Caveats — read this part

Healing is a sharp tool. A few rules that have saved us pain:

Healing is for navigation and setup, not assertions. If your test is asserting "the Save button exists and reads 'Save changes'" — don't heal that. The whole point of that assertion is to catch the change you're trying to paper over. Heal the click that gets you to the next step. Assert with normal locators.
Log every healed selector. A test that quietly heals forever is a test that's slowly drifting from reality. Every heal should be a warning in CI output and ideally a row in a dashboard.
A human owns every heal. Treat heals like dependabot PRs: they propose a change, a person confirms it. After confirmation, the new locator becomes the primary. No confirmation, no auto-merge into the canonical test.
Set a budget. If more than 10–15% of locators in a run are healing, your selector strategy is the problem, not the selectors. Healing should be the exception.
Healing has false positives. A confident-looking match on the wrong element is worse than a clean failure, because it'll pass the test and lie about coverage. Confidence thresholds and review queues exist for this reason.

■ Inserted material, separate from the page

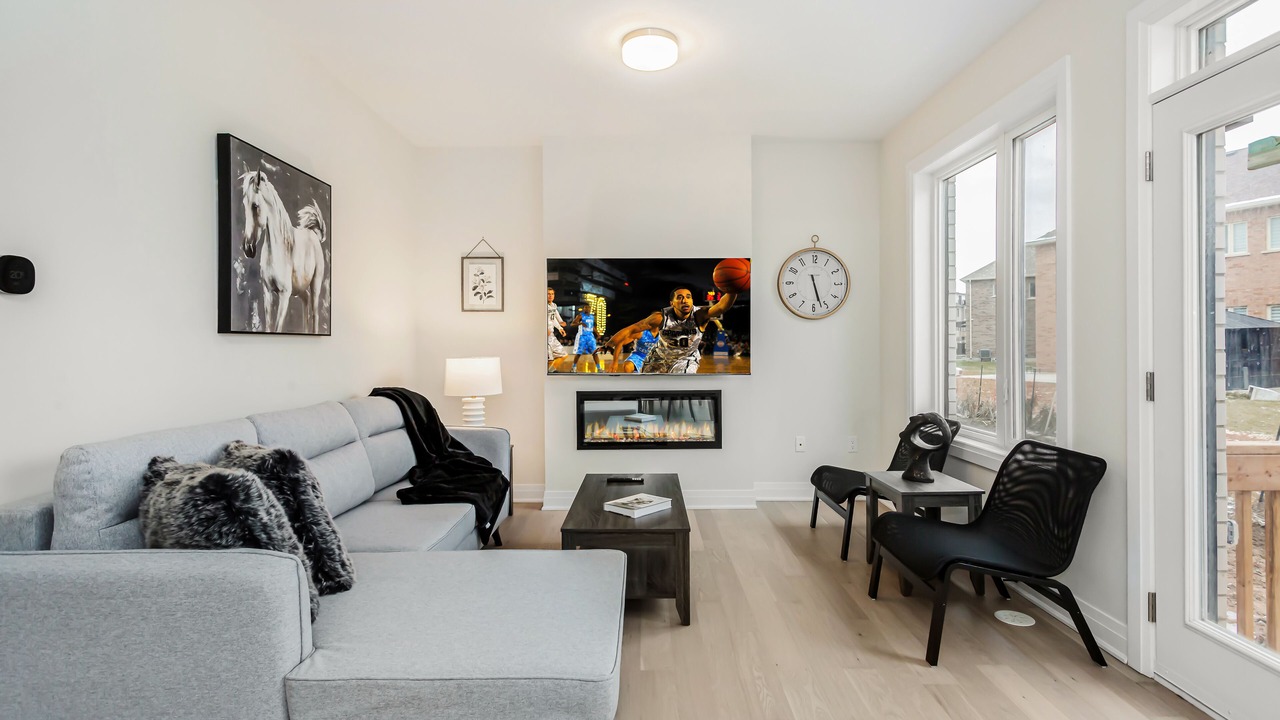 Photo of Livingroom in Oakville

Roll your own, or use a tool

If you have one suite, a few hundred tests, and engineers who like writing infra — roll your own. The code above is most of the way there. The hard part isn't the wrapper, it's the review workflow around it.

If you have many suites across many teams, want a UI for reviewing heals, need cross-run learning so the same heal doesn't get proposed twice, or you're integrating with a recorder/walkthrough product that already snapshots DOM context — at that point a dedicated tool earns its keep.

We built one of these for walkthroughs at Heal Demo: when a recorded user flow breaks because the underlying app shipped, our healing agent inspects the new DOM and proposes a patched selector for the demo author to confirm. The same primitives — semantic context, heuristic-then-LLM matching, human-in-the-loop confirmation — apply directly to test suites. If you're working in this space, the architectural decisions look almost identical.

Wherever you land, the principle is the same: don't paper over flakiness, but don't pretend selectors are stable either. Stable selectors first, healing as a safety net, humans on every change.